Without a high school diploma, she had little hope of reaching that goal.

“I’m struggling so hard in a minimum-wage job,” she said. “And I have so much to offer.”

Sanders had three children by age 19. School fell by the wayside as she focused on her family.

While living in Illinois she tried again and again to go back to school. She wasn’t able to make it work until she enrolled at Desert Rose.

“I tell my eight grandkids, if I can do it they can do it,” Sanders said. “Never give up.”

•••

Ivy Washington, 56, quit Western High School in 1970 to enlist in the Army. After leaving the military he found work as a cabinetmaker.

One day last year, when a conversation among friends turned to education, Washington mentioned he had never graduated from high school.

What are you waiting for? his friends said.

“I finally stopped procrastinating,” he said. “And now here I am in a cap and gown.”
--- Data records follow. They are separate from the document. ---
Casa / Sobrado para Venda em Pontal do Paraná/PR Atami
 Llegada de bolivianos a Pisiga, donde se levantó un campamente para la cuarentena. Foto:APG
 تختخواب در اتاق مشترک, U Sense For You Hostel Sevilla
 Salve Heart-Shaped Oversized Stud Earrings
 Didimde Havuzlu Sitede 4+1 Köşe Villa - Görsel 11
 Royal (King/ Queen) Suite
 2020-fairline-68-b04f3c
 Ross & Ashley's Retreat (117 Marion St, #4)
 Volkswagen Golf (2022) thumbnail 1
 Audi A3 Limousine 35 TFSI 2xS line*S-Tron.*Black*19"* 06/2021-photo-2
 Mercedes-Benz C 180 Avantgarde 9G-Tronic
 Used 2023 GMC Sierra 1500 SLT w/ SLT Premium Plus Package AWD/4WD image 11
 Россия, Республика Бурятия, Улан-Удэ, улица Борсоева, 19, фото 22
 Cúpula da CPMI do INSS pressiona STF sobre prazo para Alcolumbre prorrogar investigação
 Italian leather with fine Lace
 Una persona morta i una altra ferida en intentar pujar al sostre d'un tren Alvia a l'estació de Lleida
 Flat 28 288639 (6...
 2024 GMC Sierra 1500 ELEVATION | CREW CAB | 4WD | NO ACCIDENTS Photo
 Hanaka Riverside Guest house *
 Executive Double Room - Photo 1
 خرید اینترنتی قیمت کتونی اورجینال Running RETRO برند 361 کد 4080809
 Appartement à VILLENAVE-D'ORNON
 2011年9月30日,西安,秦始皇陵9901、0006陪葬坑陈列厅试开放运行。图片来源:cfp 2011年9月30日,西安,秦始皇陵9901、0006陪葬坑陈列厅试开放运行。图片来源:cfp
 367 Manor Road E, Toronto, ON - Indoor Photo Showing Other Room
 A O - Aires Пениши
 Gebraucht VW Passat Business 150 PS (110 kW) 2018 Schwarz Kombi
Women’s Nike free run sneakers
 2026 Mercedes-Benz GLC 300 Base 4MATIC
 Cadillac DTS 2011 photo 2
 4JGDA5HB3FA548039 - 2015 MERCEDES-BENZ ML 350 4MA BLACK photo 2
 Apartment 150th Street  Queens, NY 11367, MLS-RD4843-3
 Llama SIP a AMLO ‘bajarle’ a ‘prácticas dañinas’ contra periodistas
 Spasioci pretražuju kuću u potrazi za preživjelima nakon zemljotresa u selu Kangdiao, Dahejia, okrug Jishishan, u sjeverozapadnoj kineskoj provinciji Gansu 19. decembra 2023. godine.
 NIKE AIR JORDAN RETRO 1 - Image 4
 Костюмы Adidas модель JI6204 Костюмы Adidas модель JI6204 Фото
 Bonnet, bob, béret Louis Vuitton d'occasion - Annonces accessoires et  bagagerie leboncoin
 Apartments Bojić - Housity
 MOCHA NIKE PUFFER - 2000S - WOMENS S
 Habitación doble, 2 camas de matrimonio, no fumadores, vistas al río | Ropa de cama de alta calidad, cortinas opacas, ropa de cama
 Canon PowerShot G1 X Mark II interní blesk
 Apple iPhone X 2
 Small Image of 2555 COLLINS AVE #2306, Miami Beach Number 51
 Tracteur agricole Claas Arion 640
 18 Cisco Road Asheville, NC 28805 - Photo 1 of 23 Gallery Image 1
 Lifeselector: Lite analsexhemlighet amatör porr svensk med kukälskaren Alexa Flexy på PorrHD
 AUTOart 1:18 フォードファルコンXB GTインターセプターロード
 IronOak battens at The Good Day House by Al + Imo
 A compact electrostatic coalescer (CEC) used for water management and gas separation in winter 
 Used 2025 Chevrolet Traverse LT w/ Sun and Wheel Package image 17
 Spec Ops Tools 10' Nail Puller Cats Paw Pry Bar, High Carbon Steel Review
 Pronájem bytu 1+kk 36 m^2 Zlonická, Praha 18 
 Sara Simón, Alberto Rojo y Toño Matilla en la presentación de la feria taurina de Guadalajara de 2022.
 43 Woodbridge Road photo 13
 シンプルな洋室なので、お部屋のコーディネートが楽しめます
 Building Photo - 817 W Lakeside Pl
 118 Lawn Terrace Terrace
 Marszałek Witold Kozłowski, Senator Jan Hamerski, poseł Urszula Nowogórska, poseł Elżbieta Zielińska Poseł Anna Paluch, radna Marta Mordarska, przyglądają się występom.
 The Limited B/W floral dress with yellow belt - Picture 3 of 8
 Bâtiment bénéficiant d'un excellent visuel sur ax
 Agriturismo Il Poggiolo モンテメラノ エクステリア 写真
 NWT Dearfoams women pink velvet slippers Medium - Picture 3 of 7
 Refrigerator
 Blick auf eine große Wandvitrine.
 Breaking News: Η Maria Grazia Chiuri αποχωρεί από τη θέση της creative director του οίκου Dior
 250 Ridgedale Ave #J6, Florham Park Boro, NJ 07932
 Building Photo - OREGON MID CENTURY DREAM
He wants to continue his education and study theology, which could lead to a career change. He’s now in a better position to counsel others who are struggling to improve their lives, Washington said.

“Education is the only way,” he said. “It will be easier now for me to say that, since I did it myself. Otherwise, I’d be a hypocrite.”

•••

In 2007, with his mother struggling to pay the mortgage, David McAllister quit attending Cheyenne High School and went to work.

At first the only jobs he could find were in fast-food restaurants.

After he turned 18, McAllister landed a warehouse job. But he didn’t care for the work, loading and unloading the same thing day after day.

“I was just working to work, to get a paycheck and help my mom pay the bills,” McAllister, 20, said. “I was worried about my future — what kind of job would I get? Would I have a decent career?”

He’s now training to become a firefighter and plans to earn his paramedic certification at CSN.

“The future is bright,” McAllister said. “A lot of doors are open to me.”

•••

Back home in Utah, Tyler Petersen’s high school guidance counselor offered no hope that he could graduate this year. Because of family troubles he had fallen behind his classmates.

Petersen, 17, found a job waiting tables for $5.15 per hour.

“That’s not exactly what my lifetime goal was,” he said. “I wasn’t sure what I wanted to do, but being a waiter wasn’t it.”

Petersen moved in with relatives in Henderson. School District officials here told him about Desert Rose and suddenly earning his diploma this year was a realistic goal.

“There were a lot of days I was at school from 8 to 8,” Petersen said. “If you have to make up 17 credits in nine months, that’s the way to do it.”

Petersen said he wants a career in politics and plans to start his higher education at CSN before transferring to a four-year university.

“If politics doesn’t work out, maybe I’ll be a teacher,” Petersen said.

•••

Selina Rankin was a student at Shadow Ridge High School when her mother was diagnosed with breast cancer and had to quit working. The only child of a single parent, Rankin dropped out of school to care for her mother, who died in February 2008.

As a sales clerk at a clothing store, Rankin quickly learned her options were limited by a lack of education.

“You get the little-paying jobs until you get out of school,” Rankin, 19, said. And for high school dropouts, low-wage jobs are the only ones that are available.

Rankin tried three times to return to Shadow Ridge and complete her schooling, but couldn’t make it fit her schedule.

Desert Rose was the answer.

“I’m really glad I went back,” Rankin said. “Now I have options to explore.”